It already feels like ages ago now, but at this time last week we were all talking about how Trump complained that convicted rapist Harvey Weinstein was “schlonged” and riffed weirdly about the size of a late, great golfer’s genitalia. “Arnold Palmer was all man, and I say that in all due respect to women, I love women,” Trump had said at a rally in Pennsylvania, leeringly drawing out the word “looooooove” as MAGA-hatted men standing behind him guffawed. “This man was strong and tough, and I refused to say it, but when he took showers with the other pros, they came out of there, they said, ‘Oh, my God. That’s unbelievable.’” He then welcomed two former NFL players to the stage: Le’Veon Bell, who recently posted a photo of himself on social media in a T-shirt that said “Trump or the Tramp,” and Antonio Brown, who in 2021 settled a sexual assault lawsuit brought by his former trainer.
At that rally, Trump also call Harris a “shit” vice president, and he continued the denigration last weekend on The Joe Rogan Experience—a podcast with a heavily male listenership—where Trump called Harris “a very low-IQ person” and dismissed his female critics. “Some of these women, they’re so stupid,” he said. (It wasn’t clear if he was talking about hosts of The View or a broader group.) And on Sunday, Elon Musk’s political action committee released a new ad that says America can’t afford a “C word” in the White House—then says (guffaw, guffaw) that the C stands for “communist.”
Trump’s former adviser in the White House, Stephen Miller, has also gotten in on the alpha-male act. On Jesse Watters’s Fox News show earlier this month, Miller had some dating advice for young men, saying that embracing misogyny is irresistible to women who really, down deep, want the man to run the show: “Show that you are a real man. Show that you are not a beta. Be a proud and loud Trump supporter, and your dating life will be fantastic.”

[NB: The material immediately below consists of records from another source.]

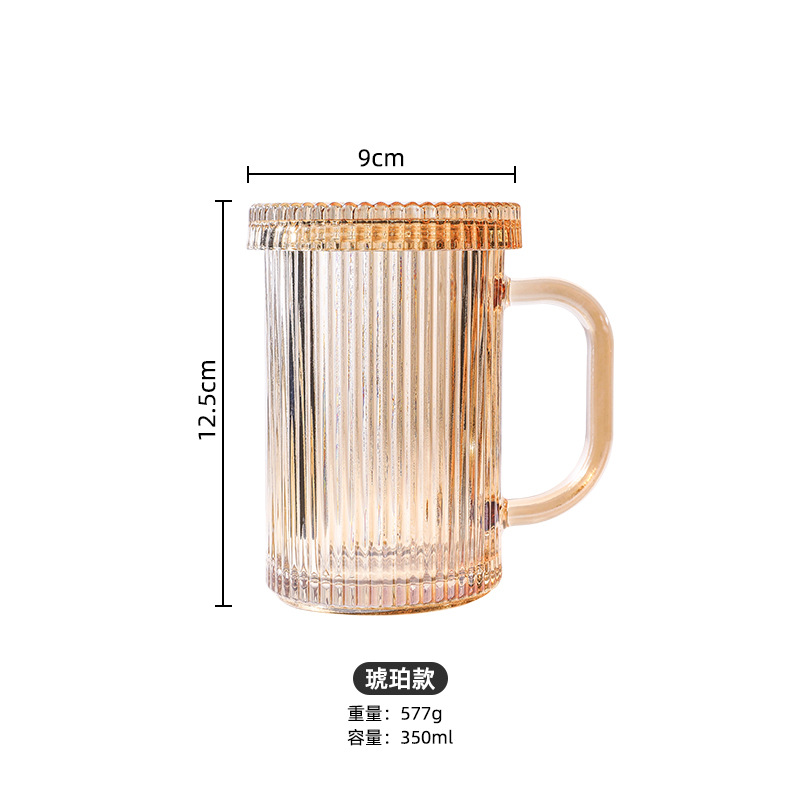 Inswind vertical taza de vidrio con tapa mango taza de menú taza de agua de alto valor de cara taza de desayuno de leche taza de bebida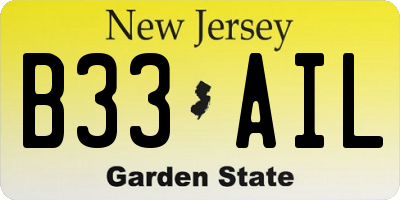 NJ license plate B33AIL
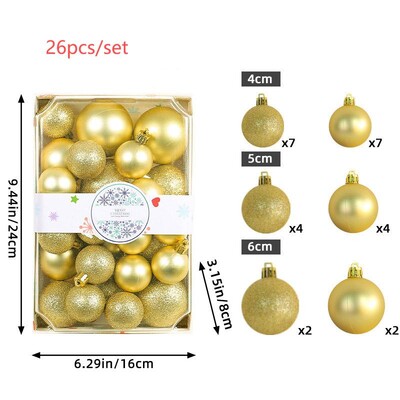 26 τμχ Χριστουγεννιάτικες μπάλες ζωγραφισμένες Χριστουγεννιάτικες στολίδια με κρεμαστά σχοινιά για διακόσμηση χριστουγεννιάτικου πάρτι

Not to be upstaged, former Fox News host Tucker Carlson recently described Trump as a father to a nation that’s “very disappointed” in his children—and that he would punish them if he returns to the White House. “When Dad gets home,” he said, “you know what he says? ‘You’ve been a bad girl. You’ve been a bad little girl, and you’re getting a vigorous spanking right now. And no, it’s not going to hurt me more than it hurts you. No, it’s not. I’m not going to lie. It’s going to hurt you a lot more than it hurts me. And you earned this.’”
Little wonder that Carlson, at Trump’s Sunday rally at MSG, spoke about how “Trump has empowered the rest of us … the right to call B.S. on the charade.” After a truly Trumpian weave of grievances and lies, he arrived at this point: “That is liberation: It’s the freedom to say what’s obviously true as a free man and not a slave.”

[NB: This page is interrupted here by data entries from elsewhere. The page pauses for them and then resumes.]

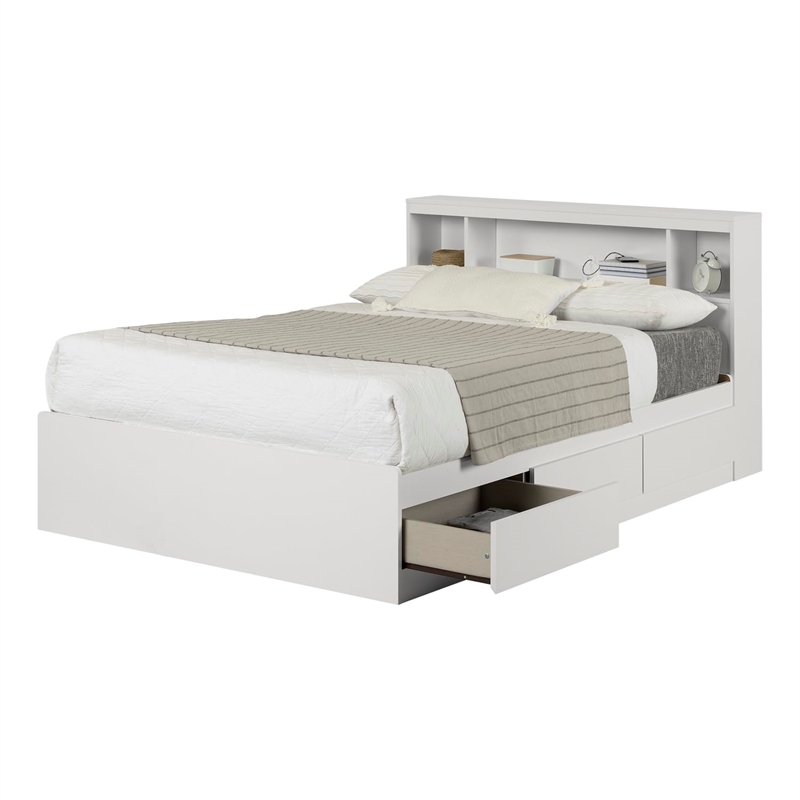 Bowery Hill Modern Laminated Particleboard Wood Full Storage Bed in Pure White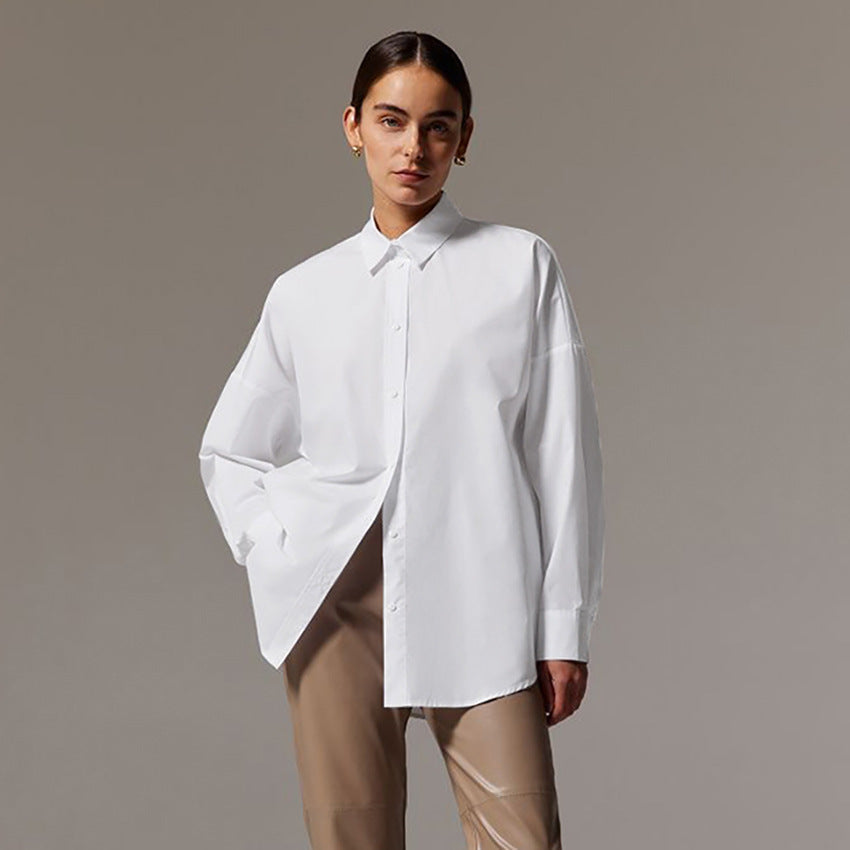 Dame Oversized Businessskjorte med elegant krave og legende snit Stilla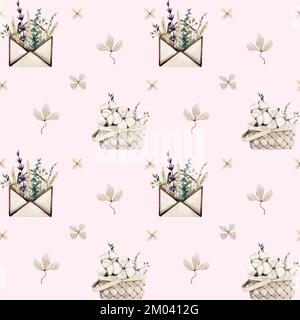 Motif floral aquarelle sans couture avec fleurs et herbes roses séchées, panier, enveloppe et coton sur fond rose clair pour enveloppeurs, papiers peints, f Banque D'Images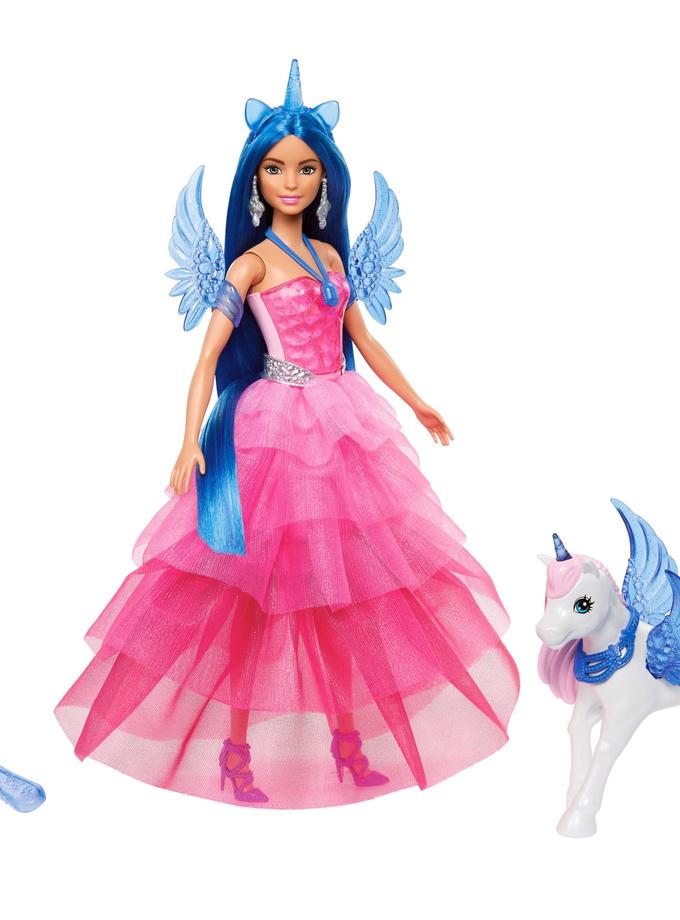 Barbie Unicorn Toy, 65th Anniversary Doll With Blue Hair, Pink Gown & Pet Alicorn Free shipping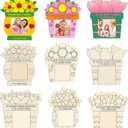 Menkxi 24 Pcs Color Your Own Wood Mother's Day Frame Flowers DIY Craft Kits for Kids 6.69 x 7.09 Inch Picture Frame for Mother's Day Gifts from Daughter Son Kindergarten Photo Decor(Regular)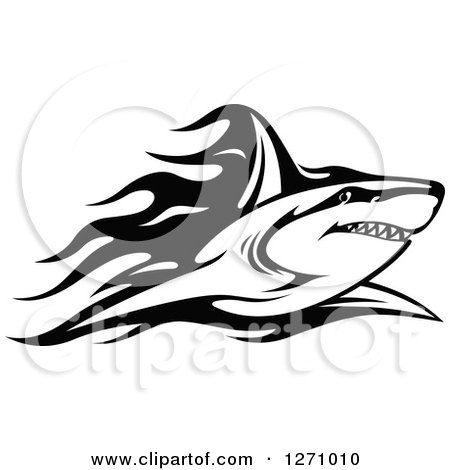 Clipart of a Black and White Flaming Shark - Royalty Free Vector Illustration by Vector Tradition SM
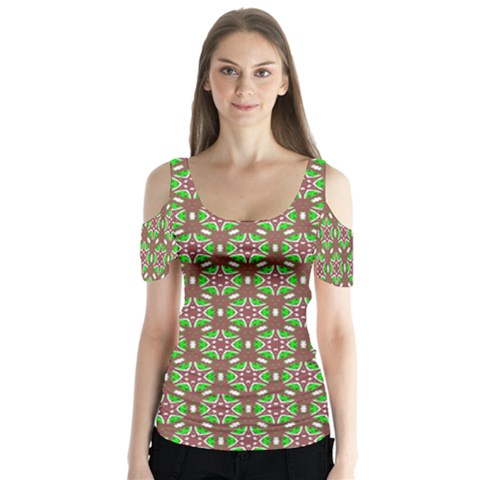 Background Green Ornamental Pattern Butterfly Sleeve Cutout Tee  by Wegoenart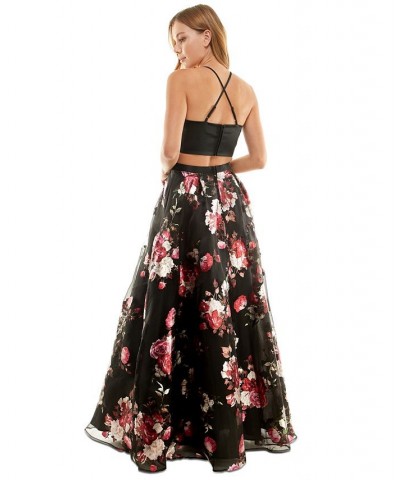 Juniors' Printed-Skirt Ball Gown Black/mauve $41.80 Dresses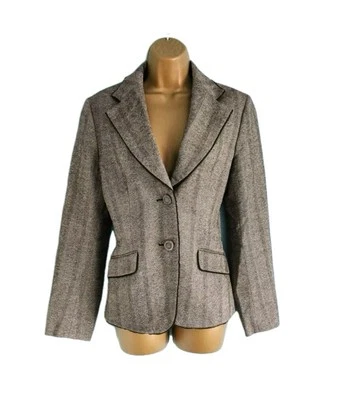 Blazer inteligente MAXMARA marrón espiga mezcla de lana y seda Reino Unido 10 Foto 1 de 4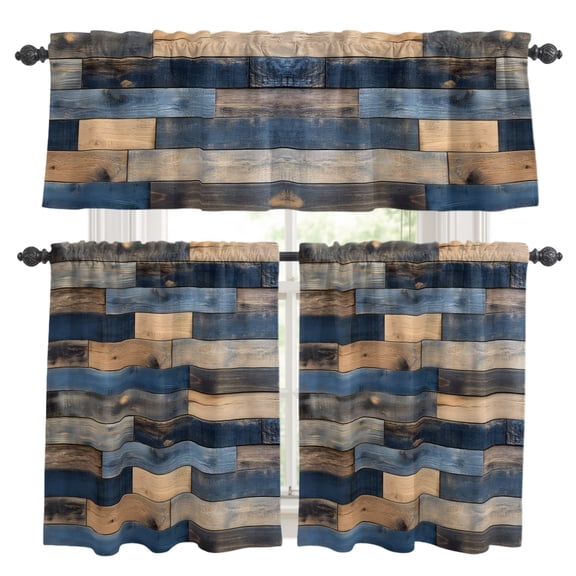 Navy Blue Brown Wood Kitchen Curtains, Kitchen Curtains and Valances Set of 3, Farmhouse Vintage Wooden Light Filtering Tailored Tier Curtain 24 Inch Length Drapes for Cafe Sink Bedroom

When I present some of the examples above to experts on gender dynamics, suffice it to say they are shocked but not surprised—and they understand why this macho message resonates. Young men are struggling with fast-changing gender roles and what it means to be masculine, they say.
A mid-October poll by Fairleigh Dickinson University found that Trump’s appeal is rooted in voters’ perceptions of his masculinity. While Harris leads Trump by three points in the national survey, 41 percent of likely voters say that Trump is “completely masculine,” a view Daniel Cassino, the executive director of the poll, said is central to Trump’s support. Notably, 68 percent of Republicans describe Trump that way, but just 14 percent of Democrats do.
That doesn’t mean Harris can’t compete: Women can assume “masculine” traits along with “feminine” ones, Cassino notes. But it gives Trump an opening.
“This is either a brilliant move, or this is a ridiculous move that was always doomed to fail,” Cassino said. “With young men, we see a real disillusionment with gender and masculinity. Trump is giving them a solution. It’s not a solution that’s going to work, but he’s giving them someone to blame.”
This theme has been deepening even since Trump walked onto the Republican National Convention stage to the James Brown song “It’s a Man’s Man’s Man’s World.” He has been oddly consumed with non-cis people, calling openly gay CNN anchor Anderson Cooper “Allison Cooper,” falsely claiming kids come back home from school as a different gender, and complaining again on Rogan’s show (whose listenership is 81 percent male and 56 percent 18–34-year-olds) about “men playing in women’s sports.”
This touches a nerve in young men who are wondering what it means to be a man. Harvard’s Institute of Politics, in its youth poll released October 25, found Harris with a 47-point lead among women age 18–29 but just a 17-point lead among men that age.
“He brings the ‘locker room’ talk into the public sphere,” said psychologist Randy Flood, co-founder and director of the Men’s Resource Center of West Michigan and co-author of Mascupathy: Understanding and Healing the Malaise of American Manhood. “This appeals to young men, [who think] he’s really strong, he’s really courageous to say things off the cuff and not worrying about people getting their feelings hurt over it.”
Ironically, Flood says, Trump embodies the very “feminine” qualities he disparages: He’s highly emotional, throws tantrums, and gets his feelings hurt easily. As retired pro wrestler Dave Bautista said recently in a brutal takedown for Jimmy Kimmel’s show, “Look at him: He wears more makeup than Dolly Parton.… The guy’s afraid of birds.… The guy’s barely strong enough to hold an umbrella.… He’s got jugs—big ones, like Dolly Parton.… You know that dance he does? He looks like he’s jacking off a pair of giraffes.”
OK, I’ll stop here. Though funny, the video is almost Trumpian in its macho crudeness—I don’t love that it uses Parton in service of a punch line (twice). But maybe this is the kind of message needed to break through to the young men who, in spite of all the evidence to the contrary, look up to Trump as a paragon of masculinity.